#### Directions
Within the data that follows, set down exactly the lines from the one containing "A mother smiling" through the one containing "a kitchen with", both ends included.

Dataset excerpts
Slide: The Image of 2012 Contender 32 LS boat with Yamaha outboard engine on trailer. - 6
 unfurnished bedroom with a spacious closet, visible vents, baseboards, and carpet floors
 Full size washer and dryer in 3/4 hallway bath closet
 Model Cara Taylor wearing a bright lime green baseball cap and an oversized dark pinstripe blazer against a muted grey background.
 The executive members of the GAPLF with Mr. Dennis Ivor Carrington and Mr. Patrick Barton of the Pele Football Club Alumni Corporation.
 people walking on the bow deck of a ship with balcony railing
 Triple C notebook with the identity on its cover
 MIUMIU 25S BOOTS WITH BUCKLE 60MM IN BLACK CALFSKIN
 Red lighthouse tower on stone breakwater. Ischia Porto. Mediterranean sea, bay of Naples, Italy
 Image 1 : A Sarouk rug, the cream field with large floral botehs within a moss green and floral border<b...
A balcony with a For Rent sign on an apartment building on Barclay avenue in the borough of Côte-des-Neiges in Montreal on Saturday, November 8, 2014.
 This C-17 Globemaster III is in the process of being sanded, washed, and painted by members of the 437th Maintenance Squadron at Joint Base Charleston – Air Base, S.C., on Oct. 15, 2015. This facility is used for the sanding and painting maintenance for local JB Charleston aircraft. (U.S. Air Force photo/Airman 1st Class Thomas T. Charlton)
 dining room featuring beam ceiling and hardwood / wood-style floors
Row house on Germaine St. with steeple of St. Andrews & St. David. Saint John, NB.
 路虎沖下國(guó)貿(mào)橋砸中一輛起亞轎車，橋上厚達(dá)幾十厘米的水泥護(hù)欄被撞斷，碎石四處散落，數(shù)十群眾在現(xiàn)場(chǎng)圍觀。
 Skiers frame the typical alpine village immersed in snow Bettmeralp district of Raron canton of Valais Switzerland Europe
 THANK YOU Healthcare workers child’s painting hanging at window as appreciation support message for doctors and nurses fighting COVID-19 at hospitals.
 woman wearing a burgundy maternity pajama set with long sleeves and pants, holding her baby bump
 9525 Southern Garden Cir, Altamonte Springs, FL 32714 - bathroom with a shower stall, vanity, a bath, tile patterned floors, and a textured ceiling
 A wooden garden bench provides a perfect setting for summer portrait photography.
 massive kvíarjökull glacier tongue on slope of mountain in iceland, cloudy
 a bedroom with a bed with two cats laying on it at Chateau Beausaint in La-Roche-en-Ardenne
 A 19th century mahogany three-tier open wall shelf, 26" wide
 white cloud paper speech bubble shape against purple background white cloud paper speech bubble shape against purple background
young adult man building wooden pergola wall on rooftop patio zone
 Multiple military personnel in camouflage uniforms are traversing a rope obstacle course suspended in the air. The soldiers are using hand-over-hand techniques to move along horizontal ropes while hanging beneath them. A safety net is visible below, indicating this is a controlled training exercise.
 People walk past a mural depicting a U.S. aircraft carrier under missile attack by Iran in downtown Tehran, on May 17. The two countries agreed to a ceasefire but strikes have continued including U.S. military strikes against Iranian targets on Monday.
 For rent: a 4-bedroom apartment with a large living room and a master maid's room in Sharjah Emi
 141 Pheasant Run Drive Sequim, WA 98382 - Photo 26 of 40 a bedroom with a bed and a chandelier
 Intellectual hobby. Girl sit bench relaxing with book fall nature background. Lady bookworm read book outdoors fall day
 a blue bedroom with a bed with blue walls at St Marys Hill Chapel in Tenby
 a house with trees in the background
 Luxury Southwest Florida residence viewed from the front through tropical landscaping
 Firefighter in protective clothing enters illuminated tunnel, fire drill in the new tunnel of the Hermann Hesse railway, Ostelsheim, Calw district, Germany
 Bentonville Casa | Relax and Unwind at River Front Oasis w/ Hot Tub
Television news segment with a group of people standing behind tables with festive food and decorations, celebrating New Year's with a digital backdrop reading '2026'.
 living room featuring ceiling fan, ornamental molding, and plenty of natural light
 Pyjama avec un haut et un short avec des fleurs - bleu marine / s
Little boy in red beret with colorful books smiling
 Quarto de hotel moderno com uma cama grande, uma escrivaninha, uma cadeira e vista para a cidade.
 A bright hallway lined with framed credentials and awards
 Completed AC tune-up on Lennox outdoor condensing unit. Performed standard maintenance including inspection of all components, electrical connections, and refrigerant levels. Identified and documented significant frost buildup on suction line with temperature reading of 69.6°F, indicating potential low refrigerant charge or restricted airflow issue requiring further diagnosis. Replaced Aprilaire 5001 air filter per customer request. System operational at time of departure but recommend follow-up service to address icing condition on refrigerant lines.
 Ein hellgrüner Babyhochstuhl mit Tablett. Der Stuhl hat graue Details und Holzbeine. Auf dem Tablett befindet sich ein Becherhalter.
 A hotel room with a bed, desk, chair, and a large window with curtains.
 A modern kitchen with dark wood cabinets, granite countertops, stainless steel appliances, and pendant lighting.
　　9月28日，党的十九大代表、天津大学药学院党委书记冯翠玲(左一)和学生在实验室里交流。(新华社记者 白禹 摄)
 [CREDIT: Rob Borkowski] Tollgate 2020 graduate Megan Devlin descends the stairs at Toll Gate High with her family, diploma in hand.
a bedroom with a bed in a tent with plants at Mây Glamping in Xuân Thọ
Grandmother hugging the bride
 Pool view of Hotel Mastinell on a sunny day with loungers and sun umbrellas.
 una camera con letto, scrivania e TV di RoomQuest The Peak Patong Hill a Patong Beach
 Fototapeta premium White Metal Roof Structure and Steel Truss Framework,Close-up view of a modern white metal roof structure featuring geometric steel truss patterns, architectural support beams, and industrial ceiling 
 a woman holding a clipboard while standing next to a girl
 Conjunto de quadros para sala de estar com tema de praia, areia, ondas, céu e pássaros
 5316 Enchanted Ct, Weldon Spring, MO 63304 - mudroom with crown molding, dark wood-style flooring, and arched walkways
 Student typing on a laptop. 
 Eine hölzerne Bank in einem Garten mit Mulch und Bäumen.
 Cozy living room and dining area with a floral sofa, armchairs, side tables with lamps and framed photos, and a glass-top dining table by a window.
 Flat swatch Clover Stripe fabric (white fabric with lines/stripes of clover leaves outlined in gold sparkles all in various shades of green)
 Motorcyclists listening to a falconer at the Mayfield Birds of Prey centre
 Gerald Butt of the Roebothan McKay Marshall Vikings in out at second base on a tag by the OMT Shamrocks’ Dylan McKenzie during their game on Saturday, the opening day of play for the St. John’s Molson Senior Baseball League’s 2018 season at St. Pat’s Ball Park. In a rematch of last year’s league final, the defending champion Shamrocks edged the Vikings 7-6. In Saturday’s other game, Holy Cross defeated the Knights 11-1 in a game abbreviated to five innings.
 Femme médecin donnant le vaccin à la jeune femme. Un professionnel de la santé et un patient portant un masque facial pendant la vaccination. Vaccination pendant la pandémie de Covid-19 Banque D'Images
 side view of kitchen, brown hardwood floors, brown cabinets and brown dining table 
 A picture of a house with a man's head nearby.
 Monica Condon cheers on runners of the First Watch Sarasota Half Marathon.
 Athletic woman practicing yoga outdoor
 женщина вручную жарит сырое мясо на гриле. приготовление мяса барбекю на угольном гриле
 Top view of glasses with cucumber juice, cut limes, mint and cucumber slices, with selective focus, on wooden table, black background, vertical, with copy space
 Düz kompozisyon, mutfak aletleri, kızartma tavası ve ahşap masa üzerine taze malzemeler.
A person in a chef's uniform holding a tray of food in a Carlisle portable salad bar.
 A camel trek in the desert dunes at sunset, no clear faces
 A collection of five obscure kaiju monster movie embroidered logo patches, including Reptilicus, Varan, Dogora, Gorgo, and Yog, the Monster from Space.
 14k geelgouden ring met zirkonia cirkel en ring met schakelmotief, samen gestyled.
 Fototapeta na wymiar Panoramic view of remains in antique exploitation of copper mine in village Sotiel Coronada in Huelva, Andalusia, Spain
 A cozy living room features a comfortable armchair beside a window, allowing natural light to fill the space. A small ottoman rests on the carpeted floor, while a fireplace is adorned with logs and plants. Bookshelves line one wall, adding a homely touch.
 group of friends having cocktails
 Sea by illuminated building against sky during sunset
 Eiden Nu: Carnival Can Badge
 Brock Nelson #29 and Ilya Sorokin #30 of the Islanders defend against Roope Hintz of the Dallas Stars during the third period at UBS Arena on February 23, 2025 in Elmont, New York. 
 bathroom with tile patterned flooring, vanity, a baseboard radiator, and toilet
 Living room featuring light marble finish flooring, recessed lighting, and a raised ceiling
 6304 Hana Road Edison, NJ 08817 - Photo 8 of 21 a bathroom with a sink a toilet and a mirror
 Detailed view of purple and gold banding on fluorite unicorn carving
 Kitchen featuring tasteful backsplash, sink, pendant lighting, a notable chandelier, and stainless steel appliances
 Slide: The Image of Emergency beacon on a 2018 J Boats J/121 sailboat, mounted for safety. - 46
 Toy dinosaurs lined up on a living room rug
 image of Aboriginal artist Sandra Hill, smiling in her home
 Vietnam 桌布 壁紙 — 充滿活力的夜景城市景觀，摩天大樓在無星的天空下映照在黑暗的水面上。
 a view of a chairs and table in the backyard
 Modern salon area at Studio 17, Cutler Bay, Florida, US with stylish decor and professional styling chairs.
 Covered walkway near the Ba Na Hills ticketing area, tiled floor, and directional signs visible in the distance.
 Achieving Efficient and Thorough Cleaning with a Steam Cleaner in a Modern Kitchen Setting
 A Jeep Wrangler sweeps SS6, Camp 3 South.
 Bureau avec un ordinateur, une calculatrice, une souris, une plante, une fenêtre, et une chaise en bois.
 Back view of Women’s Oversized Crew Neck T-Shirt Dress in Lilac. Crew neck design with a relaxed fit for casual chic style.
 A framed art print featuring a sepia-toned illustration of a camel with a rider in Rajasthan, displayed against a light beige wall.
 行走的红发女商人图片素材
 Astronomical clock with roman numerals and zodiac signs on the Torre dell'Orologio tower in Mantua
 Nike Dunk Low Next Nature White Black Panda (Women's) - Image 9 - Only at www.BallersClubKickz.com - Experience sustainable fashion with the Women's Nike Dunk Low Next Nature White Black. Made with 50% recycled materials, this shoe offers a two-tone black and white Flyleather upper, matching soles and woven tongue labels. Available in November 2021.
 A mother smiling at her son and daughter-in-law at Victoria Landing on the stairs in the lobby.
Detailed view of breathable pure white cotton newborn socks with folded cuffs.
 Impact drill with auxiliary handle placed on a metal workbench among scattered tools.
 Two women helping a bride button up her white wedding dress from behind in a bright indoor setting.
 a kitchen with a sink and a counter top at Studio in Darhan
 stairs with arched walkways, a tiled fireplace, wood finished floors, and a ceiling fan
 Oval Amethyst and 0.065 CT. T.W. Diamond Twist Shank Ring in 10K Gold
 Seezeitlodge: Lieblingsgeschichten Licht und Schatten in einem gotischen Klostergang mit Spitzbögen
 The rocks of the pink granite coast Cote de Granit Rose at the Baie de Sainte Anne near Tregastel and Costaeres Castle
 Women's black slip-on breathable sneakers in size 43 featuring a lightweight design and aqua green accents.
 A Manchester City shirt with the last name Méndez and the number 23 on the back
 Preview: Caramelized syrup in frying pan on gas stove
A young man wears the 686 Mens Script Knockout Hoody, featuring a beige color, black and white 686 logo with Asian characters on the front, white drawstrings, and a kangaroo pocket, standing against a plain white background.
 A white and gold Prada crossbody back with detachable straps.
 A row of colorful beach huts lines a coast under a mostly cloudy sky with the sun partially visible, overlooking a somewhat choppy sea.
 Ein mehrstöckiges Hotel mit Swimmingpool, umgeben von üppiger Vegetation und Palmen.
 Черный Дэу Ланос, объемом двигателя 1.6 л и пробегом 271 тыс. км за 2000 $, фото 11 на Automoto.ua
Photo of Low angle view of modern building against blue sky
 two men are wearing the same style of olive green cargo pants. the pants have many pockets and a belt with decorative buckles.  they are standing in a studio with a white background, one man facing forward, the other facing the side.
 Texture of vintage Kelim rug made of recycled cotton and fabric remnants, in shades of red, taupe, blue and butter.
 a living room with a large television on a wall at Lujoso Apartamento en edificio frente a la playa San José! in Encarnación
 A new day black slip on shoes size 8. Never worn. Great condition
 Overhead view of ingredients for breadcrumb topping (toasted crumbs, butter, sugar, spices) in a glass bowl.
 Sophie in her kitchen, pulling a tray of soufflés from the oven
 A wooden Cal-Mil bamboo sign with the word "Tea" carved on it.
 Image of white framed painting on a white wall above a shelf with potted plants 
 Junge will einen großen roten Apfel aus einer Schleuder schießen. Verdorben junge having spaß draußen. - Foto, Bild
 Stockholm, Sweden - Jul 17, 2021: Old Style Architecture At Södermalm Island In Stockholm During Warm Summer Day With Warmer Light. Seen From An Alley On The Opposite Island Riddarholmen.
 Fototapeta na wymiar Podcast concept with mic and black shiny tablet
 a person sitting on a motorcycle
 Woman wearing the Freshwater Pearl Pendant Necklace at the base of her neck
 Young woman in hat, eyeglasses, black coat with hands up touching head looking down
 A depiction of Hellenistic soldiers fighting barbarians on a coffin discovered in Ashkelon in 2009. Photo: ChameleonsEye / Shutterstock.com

#### Solution for this exercise
 A mother smiling at her son and daughter-in-law at Victoria Landing on the stairs in the lobby.
Detailed view of breathable pure white cotton newborn socks with folded cuffs.
 Impact drill with auxiliary handle placed on a metal workbench among scattered tools.
 Two women helping a bride button up her white wedding dress from behind in a bright indoor setting.
 a kitchen with a sink and a counter top at Studio in Darhan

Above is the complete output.